In the records below, find the line containing "Oh My Disney"; give it again exactly, along with every line that follows, and nothing else.

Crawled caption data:
• • • •
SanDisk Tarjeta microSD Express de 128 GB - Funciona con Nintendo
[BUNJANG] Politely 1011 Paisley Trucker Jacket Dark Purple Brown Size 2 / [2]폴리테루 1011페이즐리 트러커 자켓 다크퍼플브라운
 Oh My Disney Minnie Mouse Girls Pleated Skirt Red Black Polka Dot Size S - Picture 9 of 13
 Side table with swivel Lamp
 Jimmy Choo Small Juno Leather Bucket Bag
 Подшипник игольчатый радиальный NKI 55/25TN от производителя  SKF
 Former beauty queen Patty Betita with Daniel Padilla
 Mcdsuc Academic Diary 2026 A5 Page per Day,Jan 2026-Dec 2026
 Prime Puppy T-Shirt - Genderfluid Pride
• • • •
- [Result of this task]:
 Oh My Disney Minnie Mouse Girls Pleated Skirt Red Black Polka Dot Size S - Picture 9 of 13
 Side table with swivel Lamp
 Jimmy Choo Small Juno Leather Bucket Bag
 Подшипник игольчатый радиальный NKI 55/25TN от производителя  SKF
 Former beauty queen Patty Betita with Daniel Padilla
 Mcdsuc Academic Diary 2026 A5 Page per Day,Jan 2026-Dec 2026
 Prime Puppy T-Shirt - Genderfluid Pride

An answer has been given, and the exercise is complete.